Dr. Martha (Marti) Crouch provides scientific assistance to CFS, writing expert comments and reports, and analyzing scientific issues for the legal team. Marti was a graduate student at Yale University studying the development of seeds and flowers when genes were first cloned in the 1970s. By the time she headed her own plant molecular biology lab at Indiana University in the 1980s, plant genes were being patented. Prof.
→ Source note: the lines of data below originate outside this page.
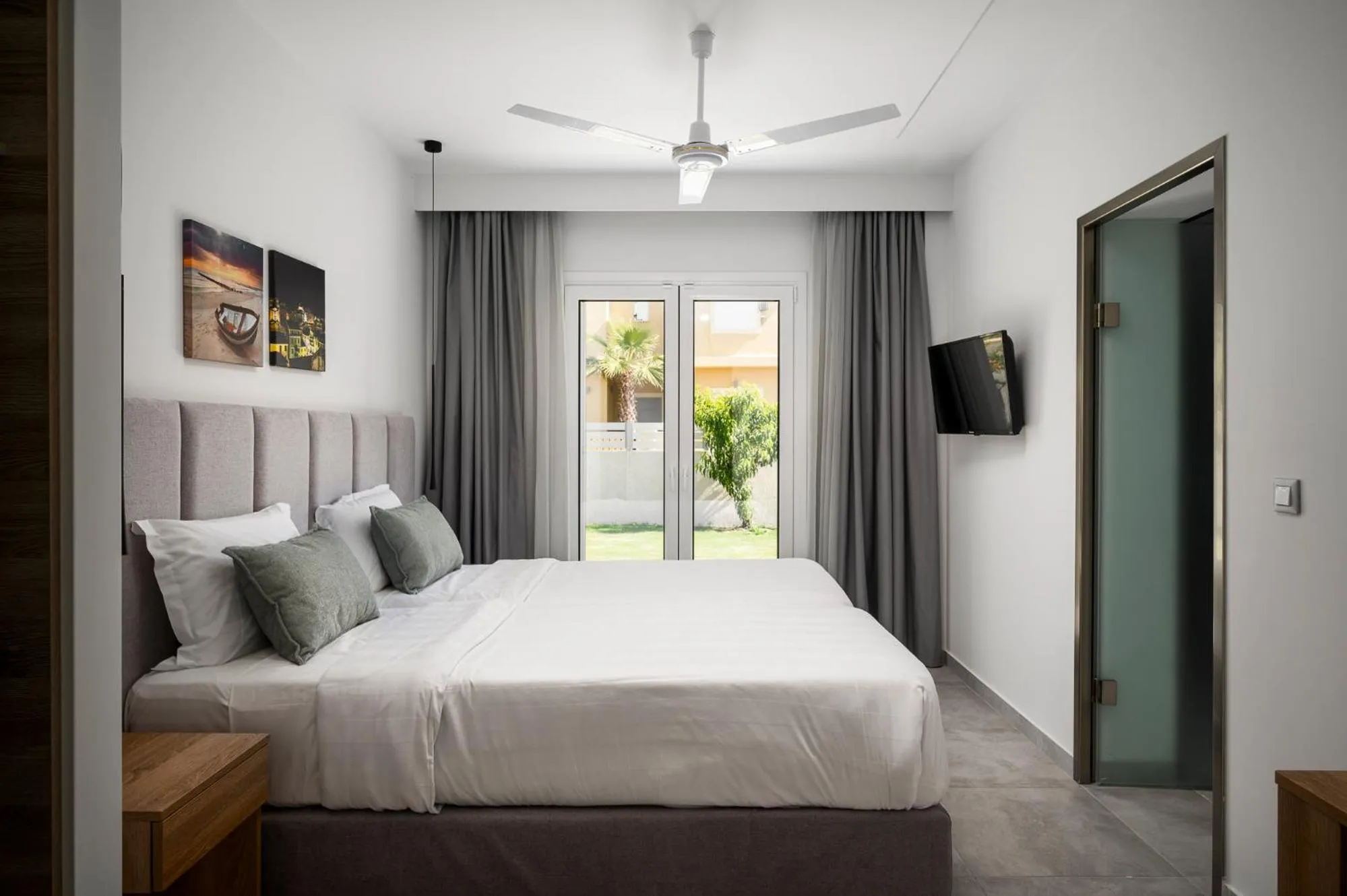 Bedroom, Bed in Acharavi Beach Hotel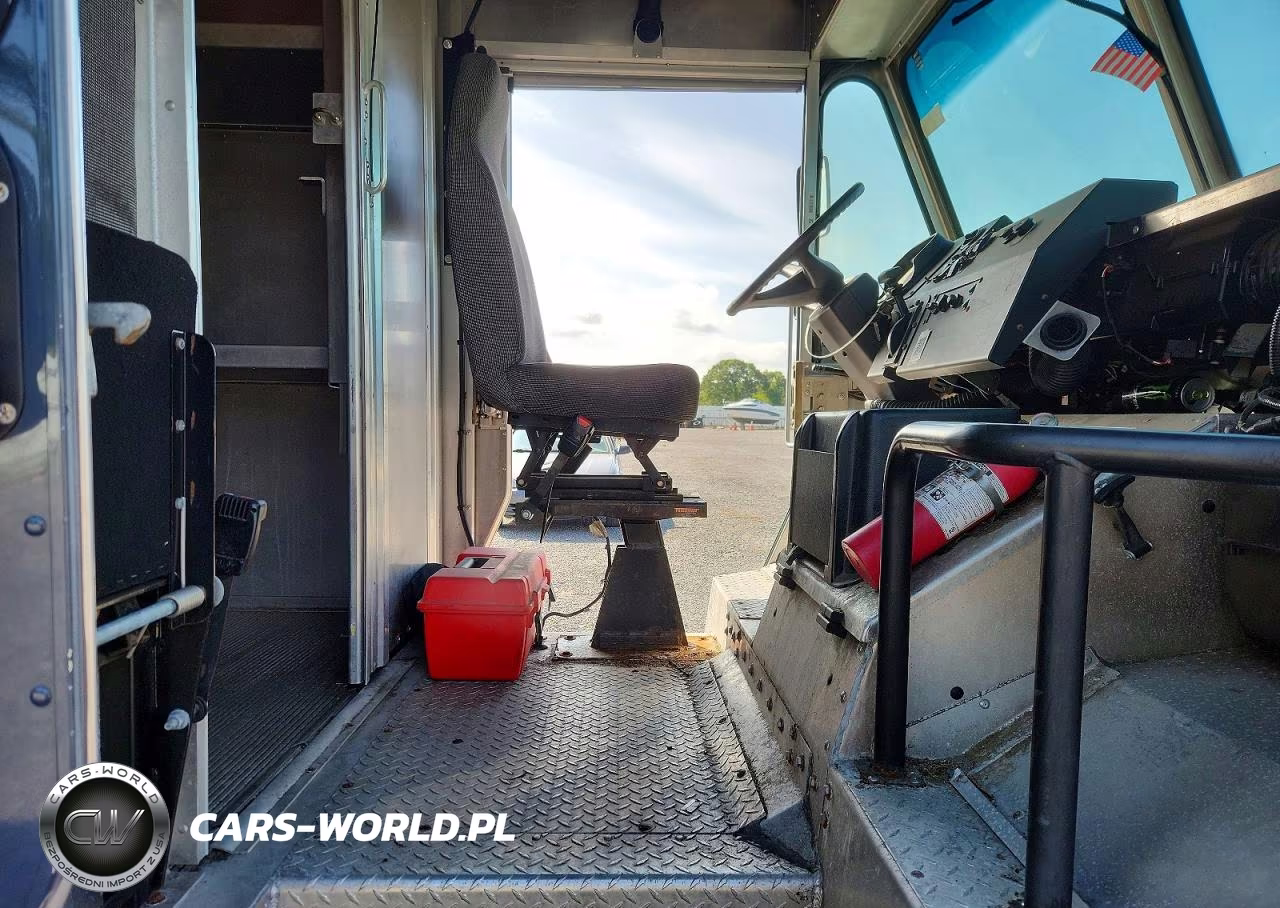 2021 Freightliner Mt45G Delivery Truck VIN:4UZAC2EA8MCML0948 - 11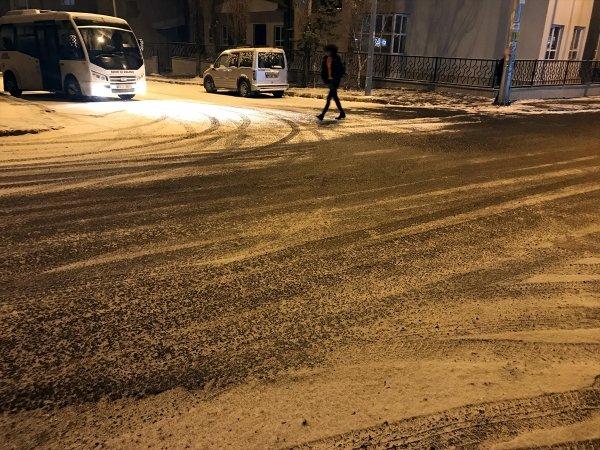 Doğuda kar yağışı sürüyor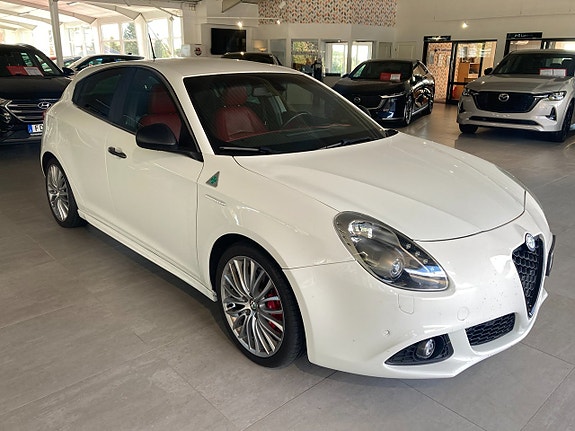 Alfa Romeo Giulietta 2 of 7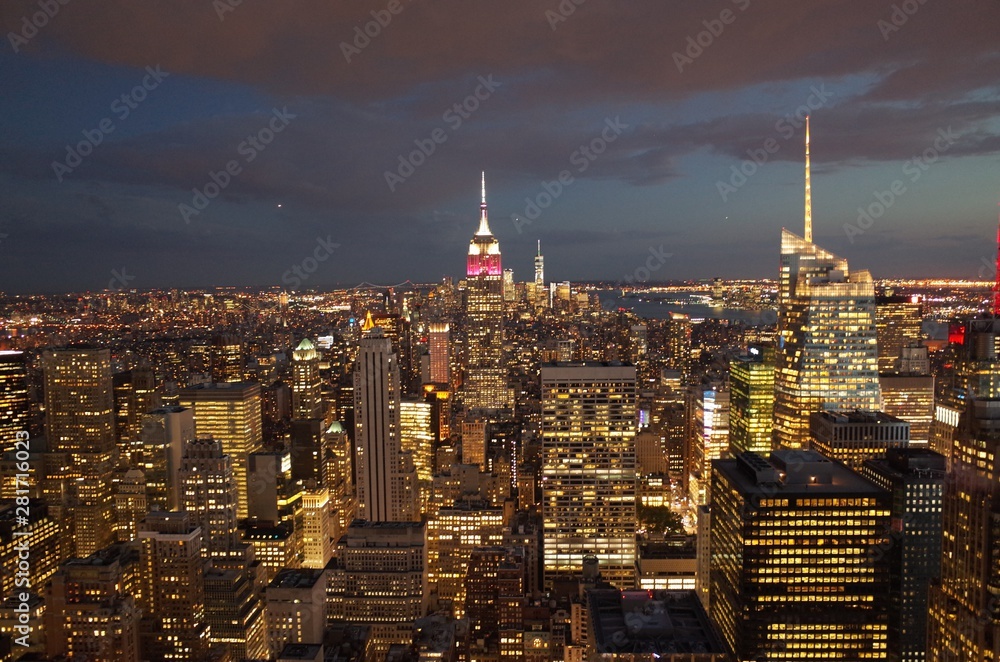 Fototapeta premium Nocny widok na Nowy Jork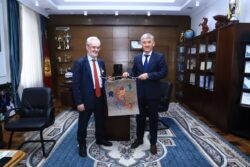 Виктор Козодай ОшМУга келди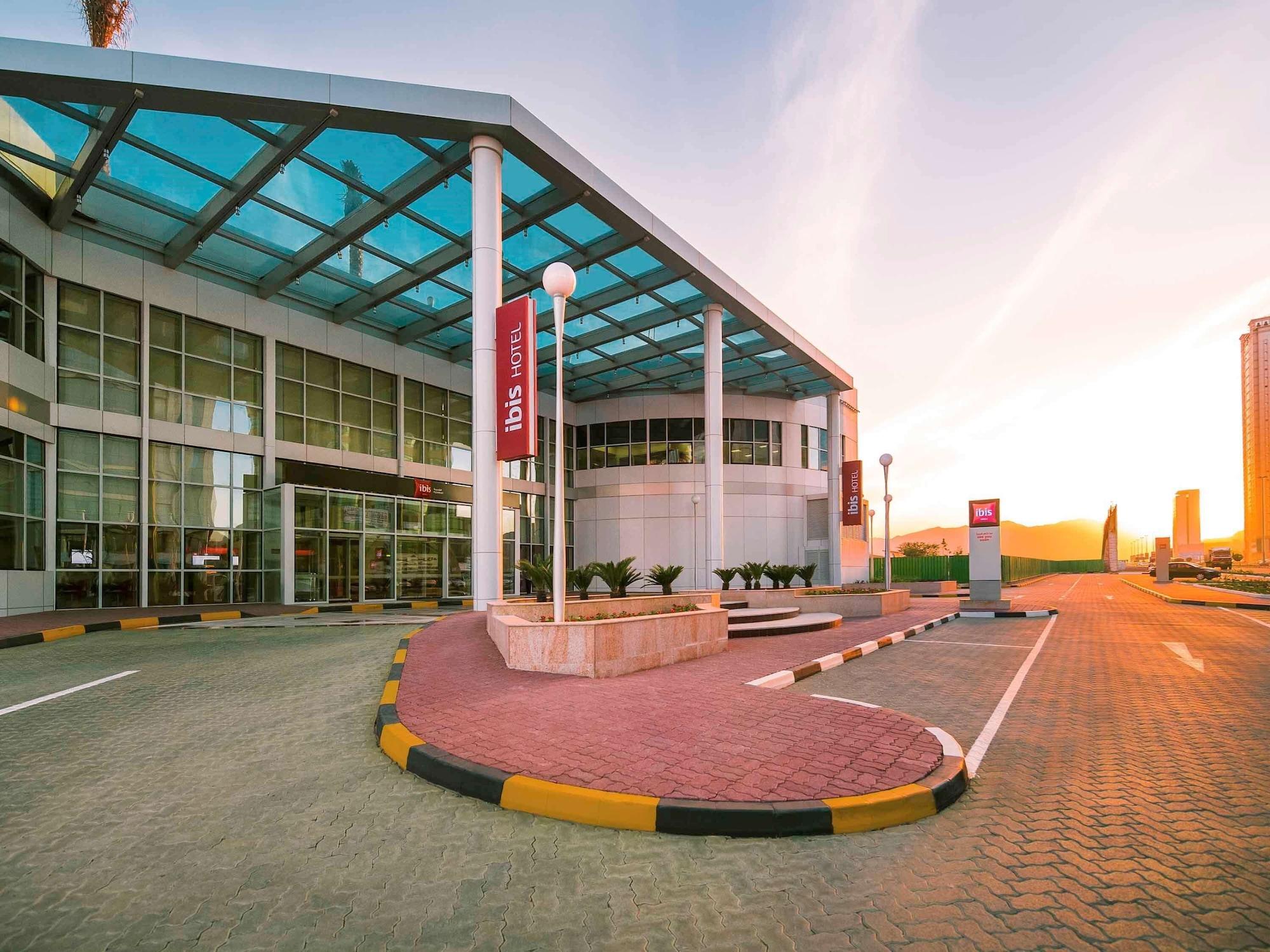 Vista Exterior Ibis Fujairah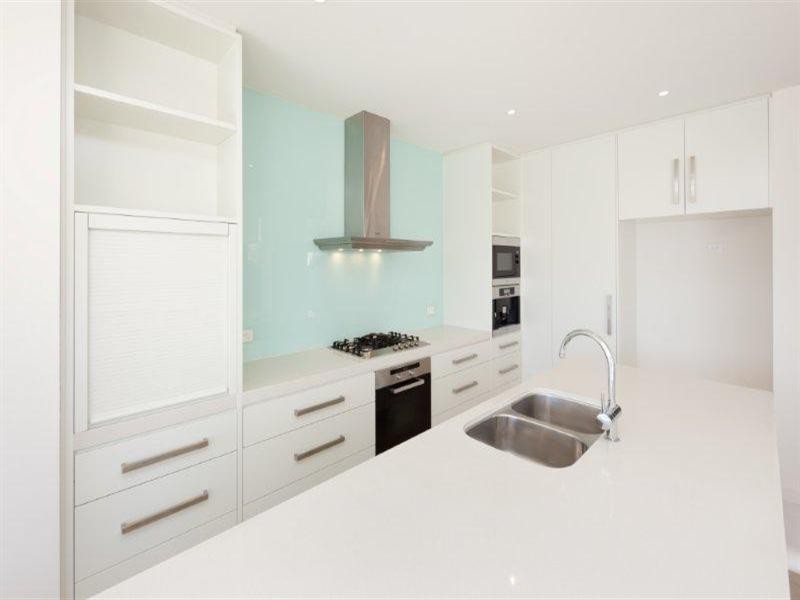 1/3 South Quay Drive & 1 & 2/11 South Quay Drive, Biggera Waters QLD 4216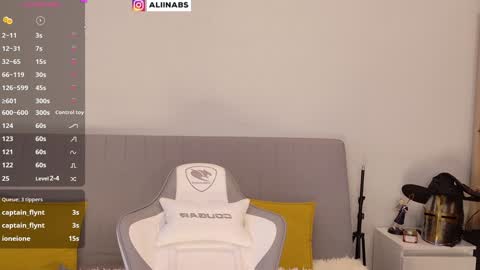 Snapshot of alllinaeve chatting on 01.25.25 Alina online show from 01.25.25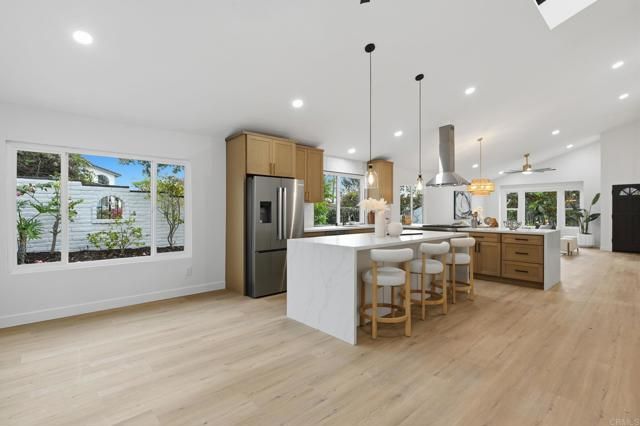 1103 Calle Christopher, Encinitas, CA 92024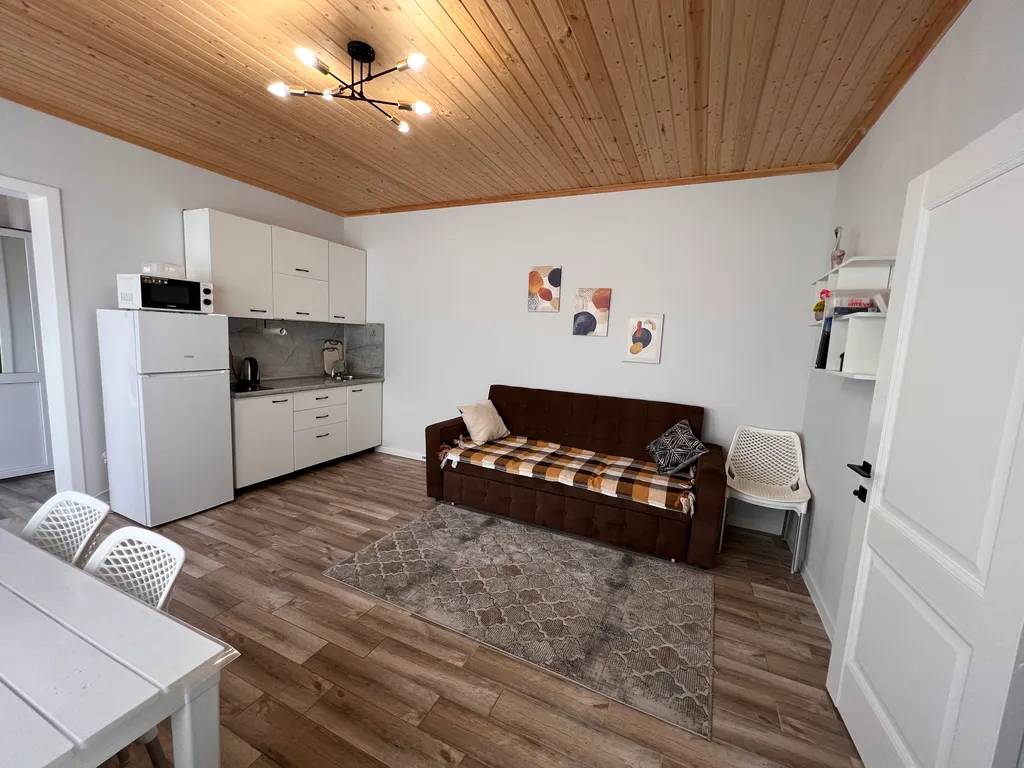 Домик у моря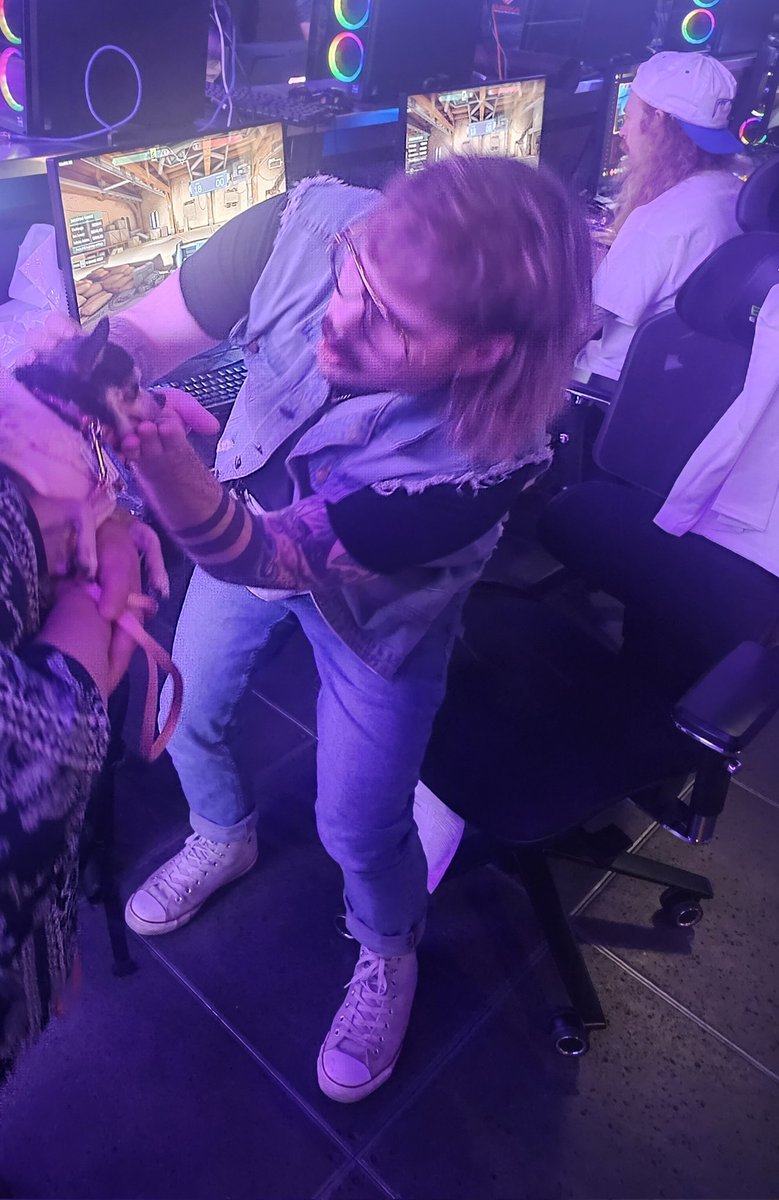hnbarescue's tweet photo. #rescuedog Bonita is in the house at The Battle for Charity
@VALORANT Tournament by
@LANFESTgames cheering on  #teamharmony 

Getting love from @SparkeeGG and @NattyLightning is pretty cool!!!

Donate to support our #animalrescue at
https://t.co/NFbARwbLj9… https://t.co/6AZalKEOHi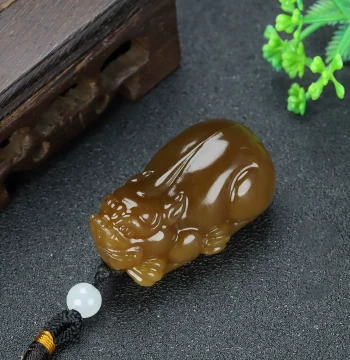 Xinjiang Hetian Sugar Jade Pixiu Hand Piece, Qie Mo Sugar Material Wealth-Attracting Pixiu Jade Auspicious Beast Ornament
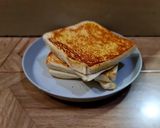 Foto langkah ke 4 dari resep Pepperoni Grilled Cheese Sandwich.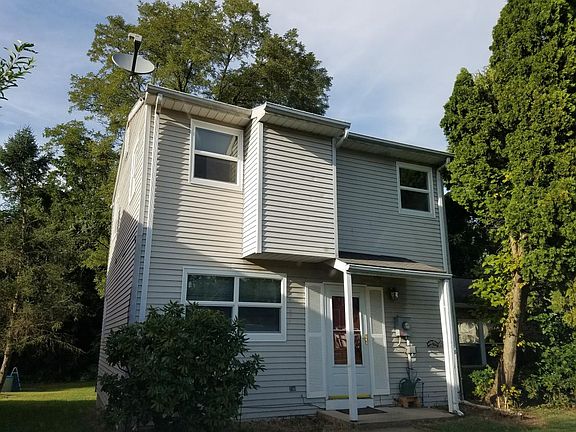 Cozy home in Susquehanna Township!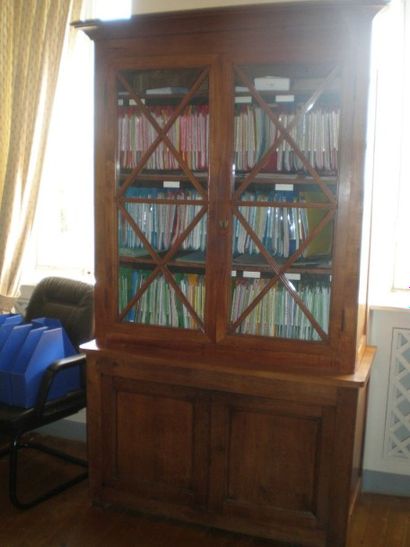 Bibliothèque vitrée à croisillons (montage...
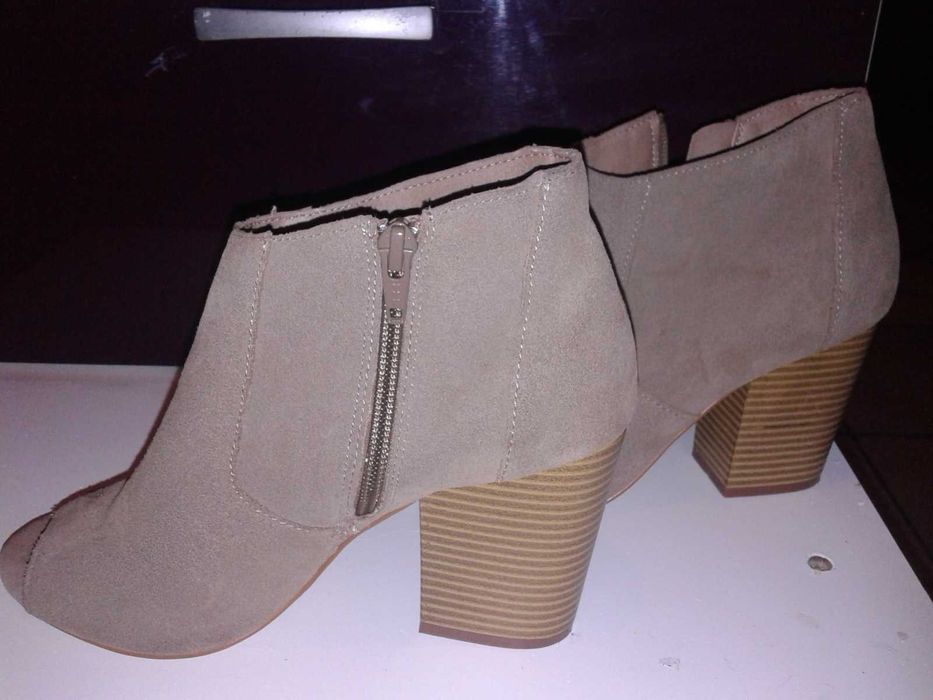 Buty letnie obcas -zamszowe rozmiar 37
Crouch became concerned about potential impacts of genetic engineering in agriculture and her own contributions, and as a result shut down her research lab in the 1990s and taught courses on the intersections of technology, food and agriculture, with an emphasis on environmental impacts. In 2001, Marti left Indiana University to pursue independent consulting. She has given hundreds of lectures and seminars throughout the world, trained students, published research and commentary in peer-reviewed journals and books, participated on grant panels and in workshops, and attended and organized conferences in several different fields of study. Her background thus spans the whole history of genetic engineering in agriculture, as both a participant and a critic, giving Marti a valuable set of skills and perspectives for her work with CFS. Marti is also the official wild mushroom inspector at the Bloomington Community Farmers' Market, keeping the food in her hometown safe.
Meredith Stevenson is a law clerk at Center for Food Safety's San Francisco office. She is currently studying environmental law at UC Hastings College of the Law. She is an active member of Hastings Environmental Law Association and a staff editor for Hastings Environmental Law Journal. Before attending law school, she developed a passion for gardening as a volunteer coordinator at Western Washington University's community garden. There, she taught workshops on producing compost, growing mushrooms, and saving seeds, while also educating the larger student body as a member of Students for Sustainable Food. In her free time, she enjoys long distance hiking, playing music, and riding her bicycle.
Russell Howze is the Legal Assistant for the Center for Food Safety. Before joining CFS, Russell was a paralegal with the Center for Biological Diversity's Environmental Health program. Growing up in a rural town in South Carolina, some of his earliest memories are of weeding gardens and eating vegetables straight out of the ground. Russell has worked with many nonprofits over the years, most memorably as a co-manager of the CELLspace arts warehouse, as a "grassroots carny" with the Sustainable Living Roadshow, and as a puppeteer with the Big Tadoo Puppet Crew. Russell also wrote the book "Stencil Nation" (Manic D Press) and runs a street art website. In his spare time, Russell makes stencils, gives art tours, and reads books.
Shannon Suehr is a law clerk at Center for Food Safety's Portland Office and a rising 3L at Lewis and Clark Law School. After completing her 1L at Vermont Law and clerking for the Vermont Supreme Court she transferred to Lewis and Clark where she co-chairs the Food and Agriculture Law Society. Shannon studied sustainable agriculture as a tool for sustainable development during her undergrad, and went to law school because she has always been passionate about food systems and the policies surrounding them. Outside of school Shannon enjoys National Parks, live music, and dystopian novels.
Tonja has 18 years experience working in office management and administration in both the corporate and legal environments. Prior to managing offices, she worked as a paralegal and legal secretary. For the last 10 years she has run her own event production company, Moody Moore Productions, to raise awareness and funds for local charities. Tonja is responsible for all facets of operations management including human resources, payroll, facilities & office management, supervision of junior staff, network administration and assisting accounting with accounts receivables & payables.